I have a scenario where I need to map non-linear parts of a file, linearly in a process space.

For example, if file is 10 pages, I may need to map first 3, skip 4, and last 3. The mapping should be linear, s.t. incremental access in process space allows to go to page 8 of file after page 3, as page 4,5,6 & 7 were not mapped.

I want to know if this is possible in Linux.

Thanks.


Solution

  • The strategy to call mmap() multiple times using MAP_FIXED to specify a fixed address for the second and subsequent mappings should work, but the problem is that if there was anything already mapped into the memory immediately after the first mapping, it will get clobbered, because MAP_FIXED automatically unmaps whatever used to be there before making the new mapping.
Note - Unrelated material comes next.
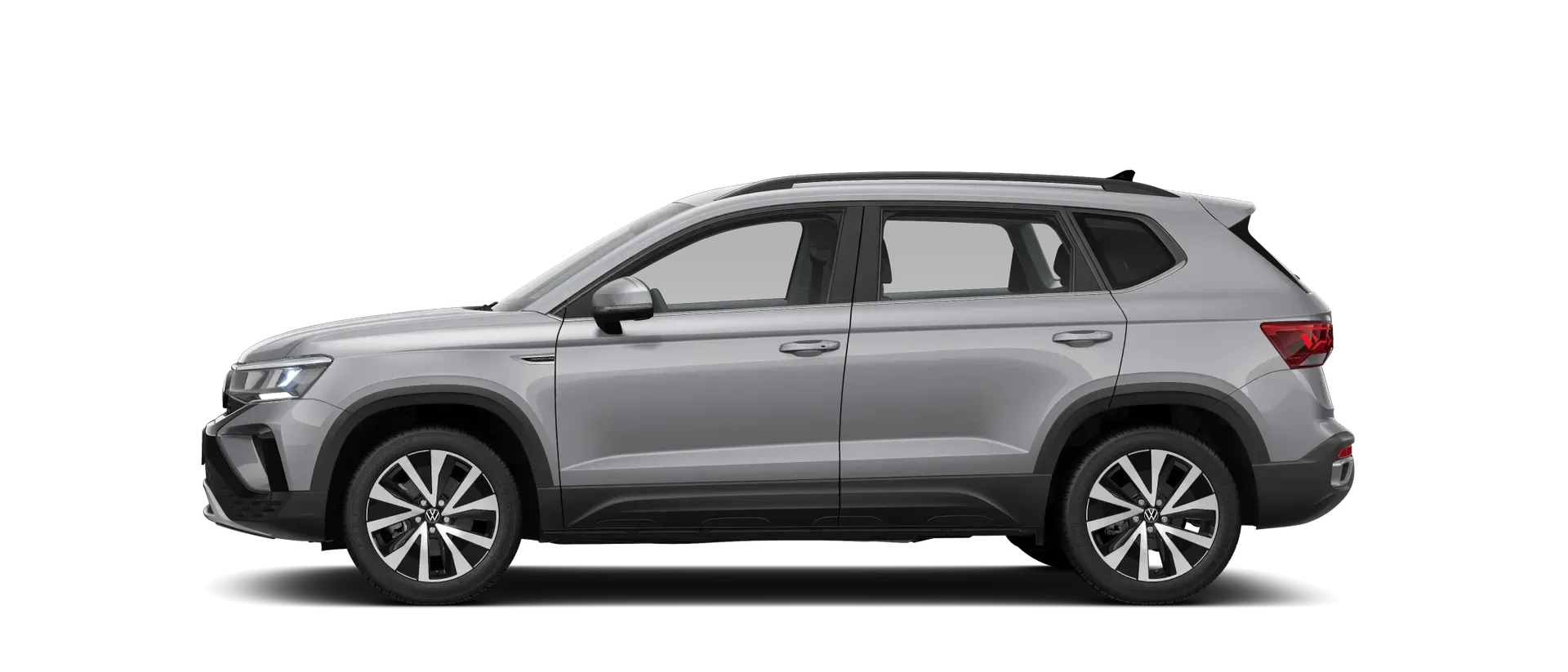 SUV cinza visto de lado sobre um fundo branco.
    I took a look at the layout of some mappings in the address space on a Linux system here, and I observed that, at least some of the time, the addresses chosen by the kernel for memory mappings grow downward from a high address to a low address. That is, a new mapping is given the address space immediately below the address space used by the most recent existing mapping. Under that strategy, when you make your first mapping, it is virtually guaranteed that the address space immediately following that mapping is already occupied by something else (and it's probably something important, too, like a system library). Other systems (different kernel version, different architecture, or non-Linux, etc...) might use different address space allocation strategies that don't make this problem unlikely, but you should assume that it can happen and guard against it by using the following technique.
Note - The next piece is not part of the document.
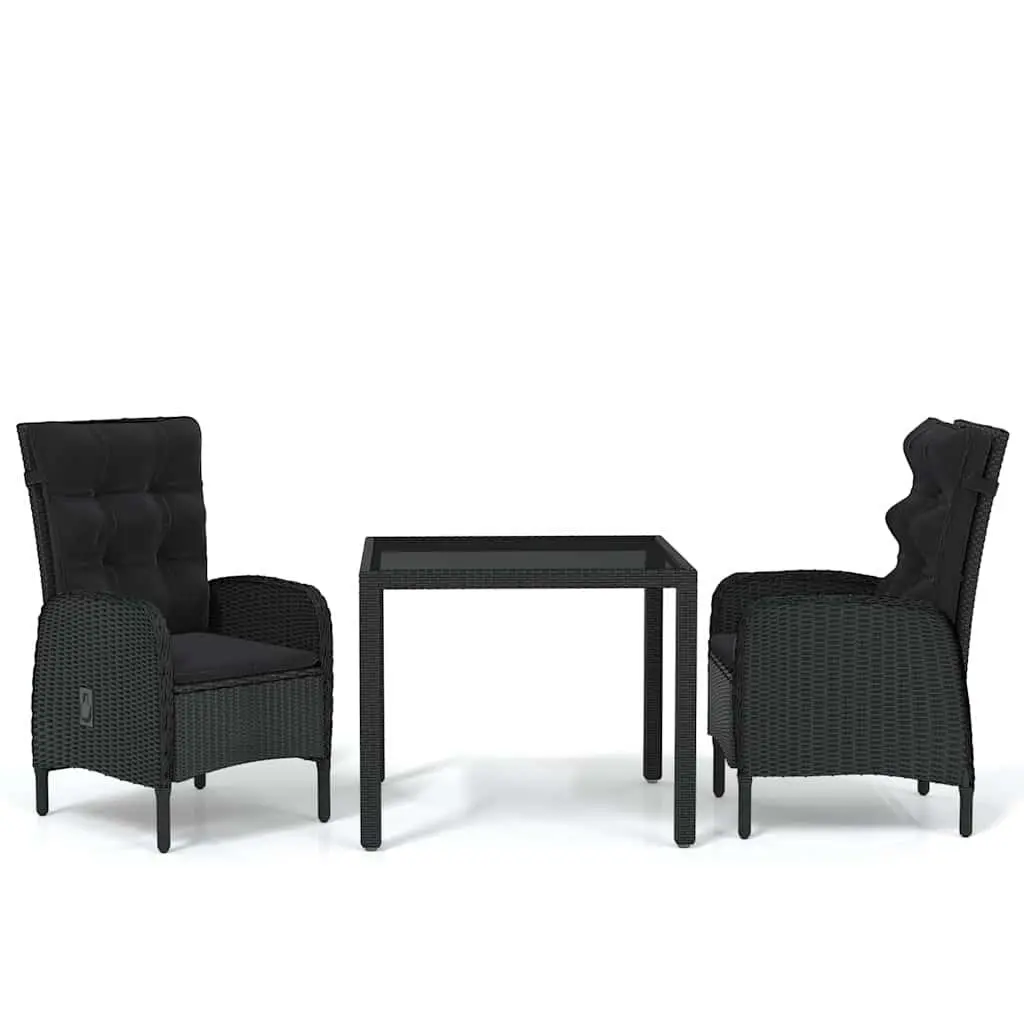Garden Dining Set Black 3 Piece Outdoor Furniture Steel Frame Weather Resistant PE Rattan Glass Table Adjustable Backrest Chairs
    1. First make a dummy mapping that is the sum of the size of all of the mappings you want to construct. So if you want to map the first 3 pages of the file, then skip 4, then map three more, make a dummy mapping of 6 pages.

      For this dummy mapping, you can just map anonymous memory (MAP_ANONYMOUS). Thanks to Basile Starynkevitch for the suggestion to also use MAP_NORESERVE for this mapping.

    2. Replace this dummy mapping piece by piece with the mappings of the file you actually want, using MAP_FIXED to specify the precise address you would like each mapping to appear at.

      EDIT: I originally suggested destroying the dummy mapping with munmap() before reusing the address space for new mappings, but thanks to jstine for pointing out that this is unnecessary (and it introduces a race condition if your program is multithreaded).

      For the first mapping, use the start address by the dummy mapping. Calculate the address for the second mapping as the start address of the dummy mapping plus the size of the first mapping. This should place the second mapping right after the end of the first mapping. And so on for the third and fourth mappings. In your scenario, everything is page-sized and page-aligned, so there will be no gaps due to alignment.

    After you finish making all of the mappings in step 2, there should be nothing left of the original dummy mapping.